By State Sen. Kevin Parker
For Brooklyn Daily Eagle
Tobacco use continues to be the leading cause of preventable death in the United States and New York City – killing more than 12,000 New Yorkers over the age of 35 every year. Tragically, the addiction starts very young: 90 percent of smokers begin before the age of 18, and one third of these adolescents will die prematurely as a direct result of smoking. Nationally, a whopping 700 kids become regular smokers every single day.
These statistics are not new. So why, in this age of advanced medical science and increased access to information, do we still tolerate the widespread availability of these deadly products in nearly every New York City neighborhood? Perhaps part of the answer lies in the fact that the pervasive presence of tobacco retail outlets has become normalized in our communities; especially communities of color. More than 8,500 tobacco shops swamp New York City, and in far too many neighborhoods tobacco retail can be found on nearly every corner and every block.

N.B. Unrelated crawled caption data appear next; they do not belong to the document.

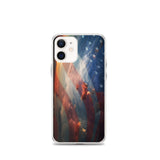 American Skies iPhone Case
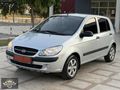 2010 MODEL GETZ DÜŞÜK KM TEK ELDEN NADİR KALANLARDA.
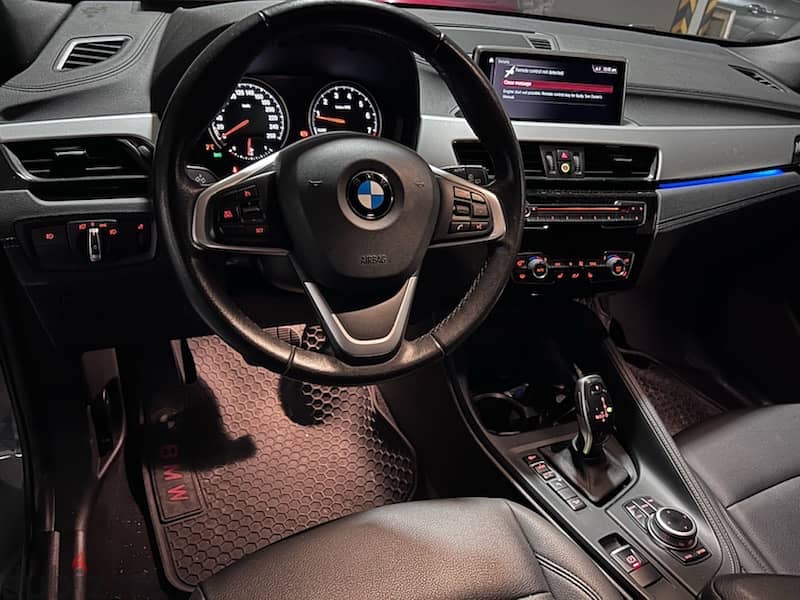 Supercharged BMW X2 XDrive28i 2020 9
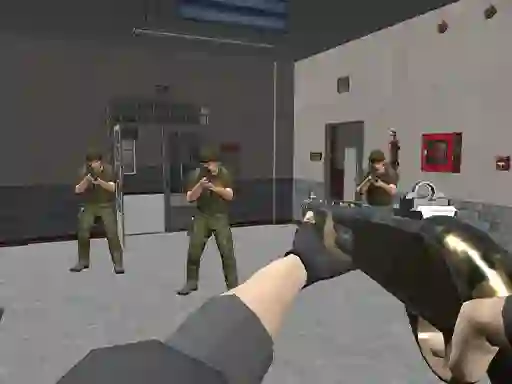 Laro Rescue Rift online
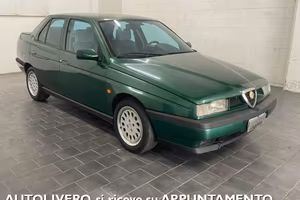 ALFA ROMEO 155 2.0i Twin Spark 16V cat Super-UNI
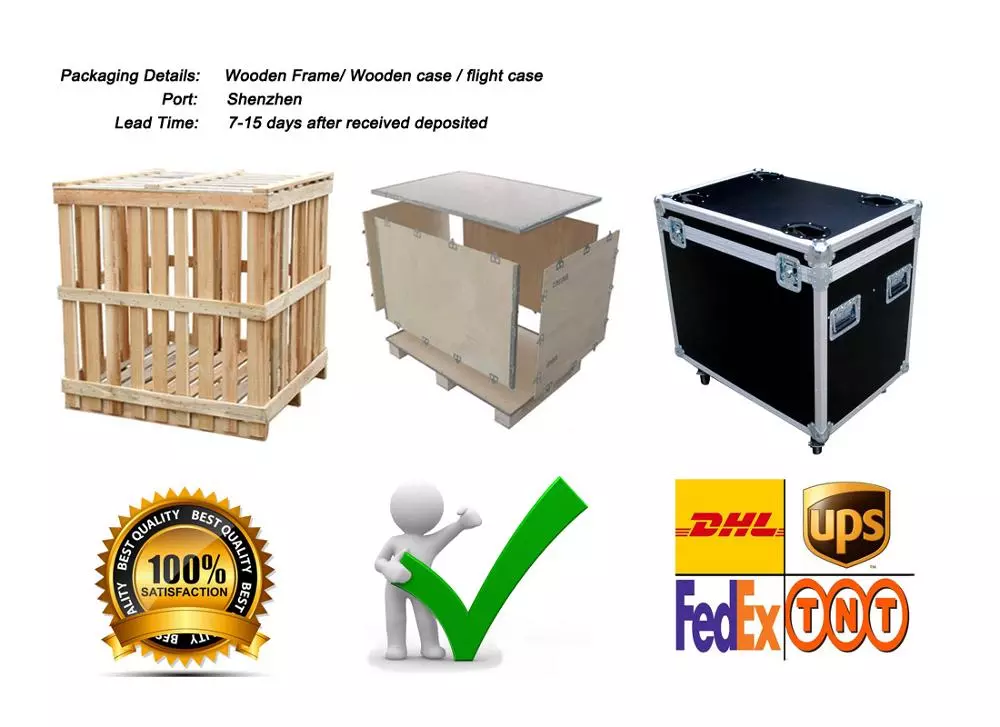indoor led screen full color p2.976 p3.91 p4.81 rental led display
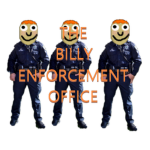 The Billy Enforcement Office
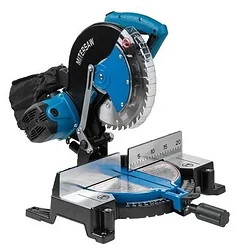 Торцовочная пила BULL CM 2501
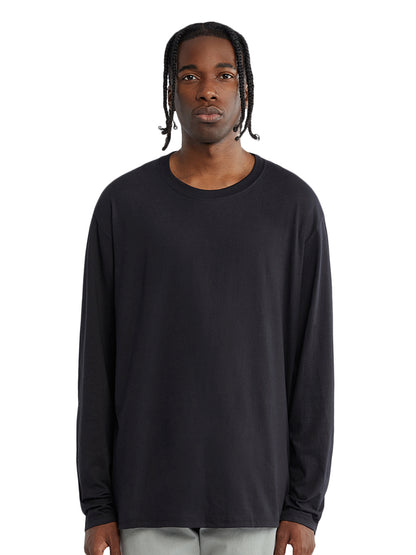 Manches Longues Essentiel - Noir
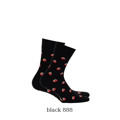 Pánské ponožky Wola Perfect Man vzorované W 94N03 Casual (579043) - 126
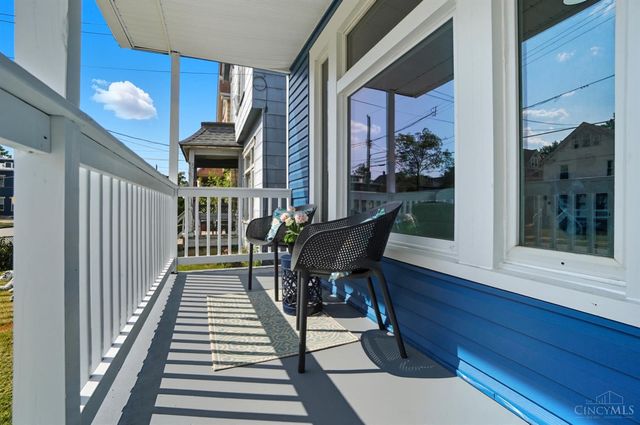 1820 Hewitt Ave, Cincinnati, OH 45207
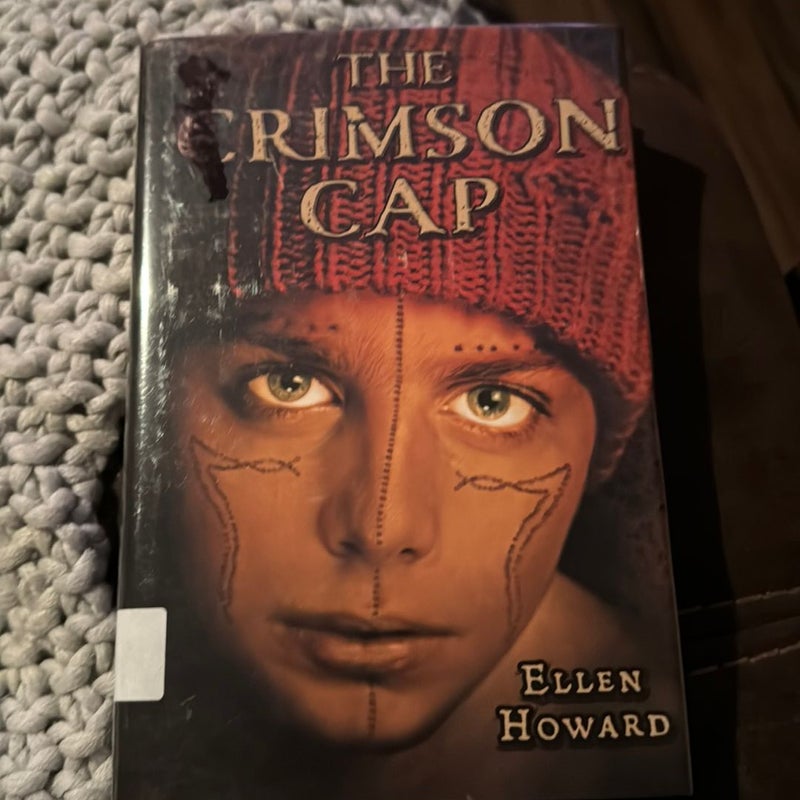 The Crimson Cap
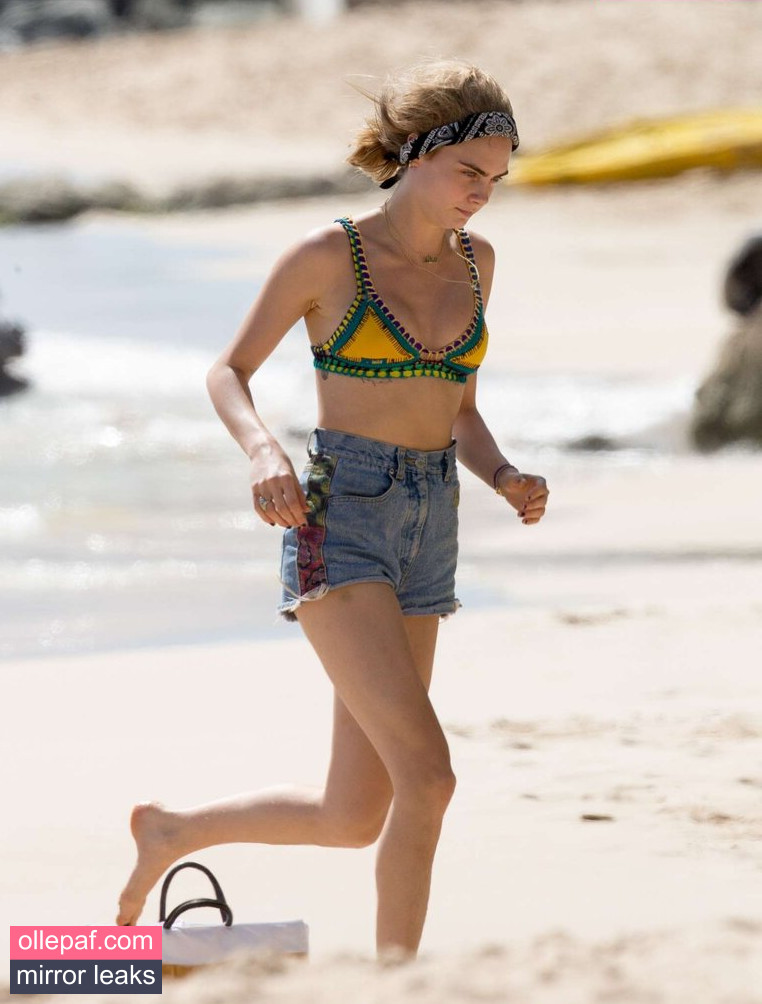 Latest Leaks Cara Delevingne Nude #725 - Fapello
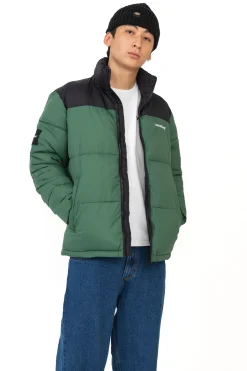Best Kurtka Zimowa Puff Mini Logo Zimowe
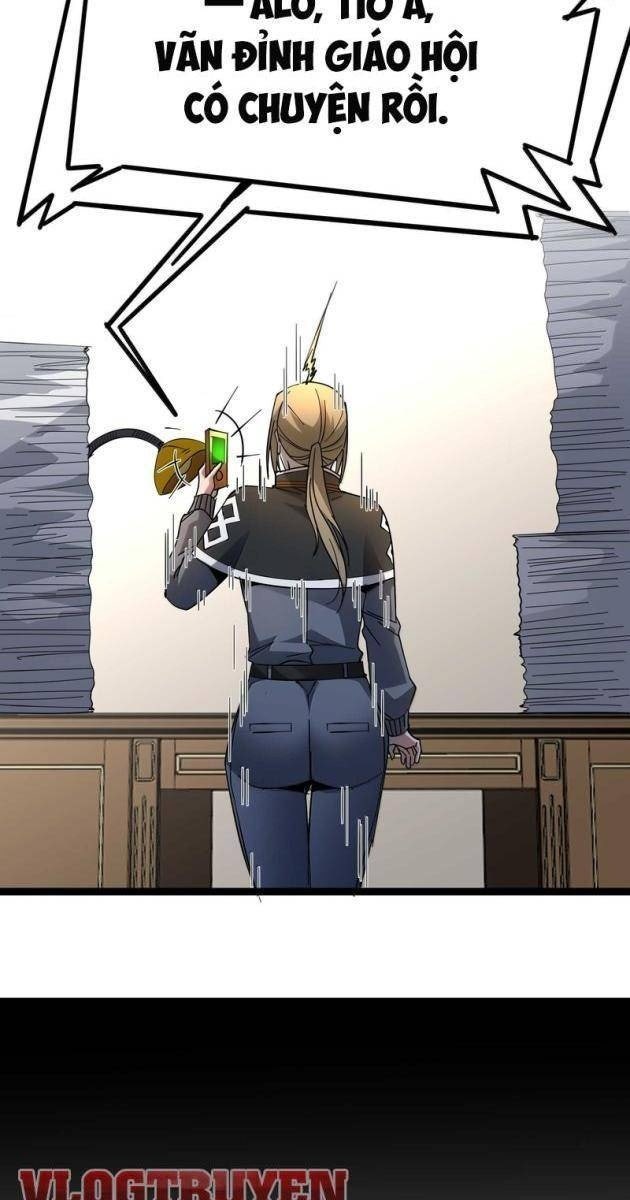 Sức Mạnh Của Ác Thần - Page 68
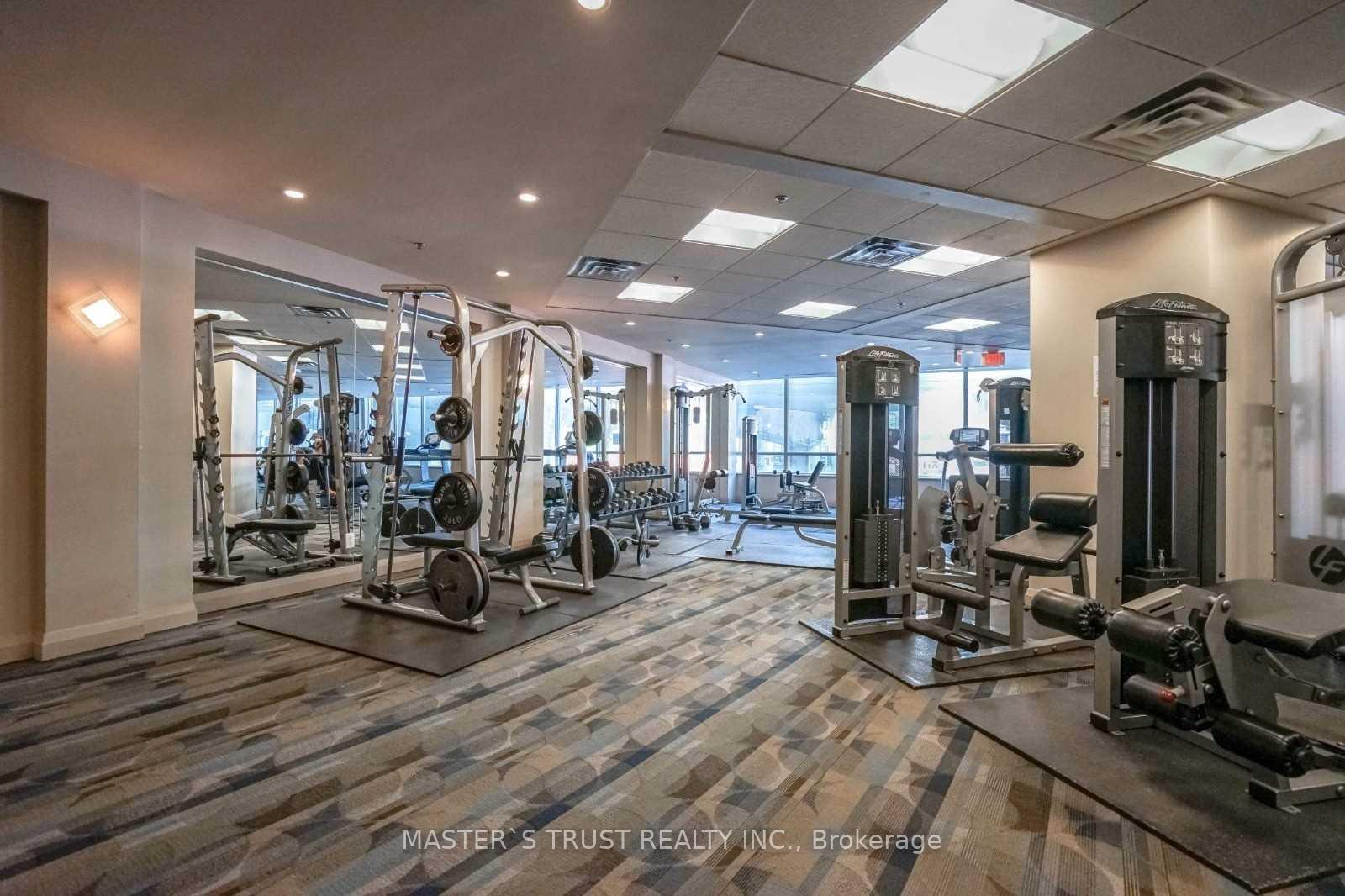 Photo 18 of Unit 2710, 33 Bay Street, Toronto, Waterfront Communities — HOMEH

In Brooklyn alone, 5,000 high school aged kids currently smoke, and more than a third of them obtain their cigarettes from neighborhood retail stores. How can it be that it is easier for most Brooklyn kids to encounter tobacco products than libraries, playgrounds, or recreational centers near their homes? Our youngest generations deserve better than to live in a tobacco swamp festering with deadly products and in environments where access to tobacco makes it easy to start and harder to quit smoking. It’s time we all became aware of Big Tobacco’s aggressive and savvy marketing techniques that aim to lure teens into a lifetime of addiction and disease.
Armed with knowledge and determination we can enact real change to create healthier environments in which the youngest among us can truly thrive. Organizations like NYC Smoke-Free at Public Health Solutions, a program made possible by the New York State Bureau of Tobacco Control, are working to end tobacco proliferation in Brooklyn and beyond. In my Brooklyn district, consisting of neighborhoods in Flatbush, East Flatbush, Midwood, Ditmas Park, Kensington, Windsor Terrace and Park Slope, high school kids participating in NYC Smoke-Free’s Reality Check program are empowered to be their own health advocates. As part of their advocacy, they help draw attention to the persistent presence of tobacco retail shops near their homes and schools. What’s more, Kick Butts Day, a national day of activism organized by the Campaign for Tobacco-Free Kids, encourages youth to take a stand against Big Tobacco by drawing attention to the tobacco industry’s deceptive marketing, and raising awareness of the problem of tobacco use in their communities.
The increase of “smoke” shops in our neighborhood is simply a new way of packaging an old problem. So as one dedicated to the overall better quality of life for all New Yorkers, I too want to see an end to the tobacco epidemic. Let’s start by stopping the ease of tobacco availability in our Brooklyn neighborhoods.